Exercise> Filter the lines below, keeping each one that holds "background".

Start of Material for the task

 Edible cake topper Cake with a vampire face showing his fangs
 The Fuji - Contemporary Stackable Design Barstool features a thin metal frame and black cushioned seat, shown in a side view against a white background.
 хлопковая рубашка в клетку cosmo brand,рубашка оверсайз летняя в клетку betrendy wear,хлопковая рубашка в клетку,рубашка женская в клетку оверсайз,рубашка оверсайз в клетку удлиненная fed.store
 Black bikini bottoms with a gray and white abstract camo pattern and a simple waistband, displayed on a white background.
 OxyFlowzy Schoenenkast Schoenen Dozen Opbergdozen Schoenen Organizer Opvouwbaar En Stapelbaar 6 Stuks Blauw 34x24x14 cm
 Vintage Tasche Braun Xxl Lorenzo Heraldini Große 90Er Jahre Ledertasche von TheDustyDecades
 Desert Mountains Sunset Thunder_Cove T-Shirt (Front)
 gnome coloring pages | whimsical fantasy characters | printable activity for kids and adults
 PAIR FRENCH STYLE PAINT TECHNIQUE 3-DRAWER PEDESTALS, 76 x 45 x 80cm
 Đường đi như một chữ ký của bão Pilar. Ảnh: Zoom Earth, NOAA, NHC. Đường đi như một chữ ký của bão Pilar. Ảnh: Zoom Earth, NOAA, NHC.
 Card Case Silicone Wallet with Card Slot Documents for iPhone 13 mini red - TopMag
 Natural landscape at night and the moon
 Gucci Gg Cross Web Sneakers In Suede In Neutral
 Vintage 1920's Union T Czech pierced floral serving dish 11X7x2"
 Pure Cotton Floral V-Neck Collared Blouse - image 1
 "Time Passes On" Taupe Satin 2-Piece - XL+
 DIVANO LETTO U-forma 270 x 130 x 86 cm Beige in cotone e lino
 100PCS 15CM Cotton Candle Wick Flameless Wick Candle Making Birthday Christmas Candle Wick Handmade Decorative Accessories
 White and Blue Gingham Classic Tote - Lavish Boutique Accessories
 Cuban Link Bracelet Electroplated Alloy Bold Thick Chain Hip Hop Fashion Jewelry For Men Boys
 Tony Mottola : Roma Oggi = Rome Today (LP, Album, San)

End of Material for the task

Answer space>
 The Fuji - Contemporary Stackable Design Barstool features a thin metal frame and black cushioned seat, shown in a side view against a white background.
 Black bikini bottoms with a gray and white abstract camo pattern and a simple waistband, displayed on a white background.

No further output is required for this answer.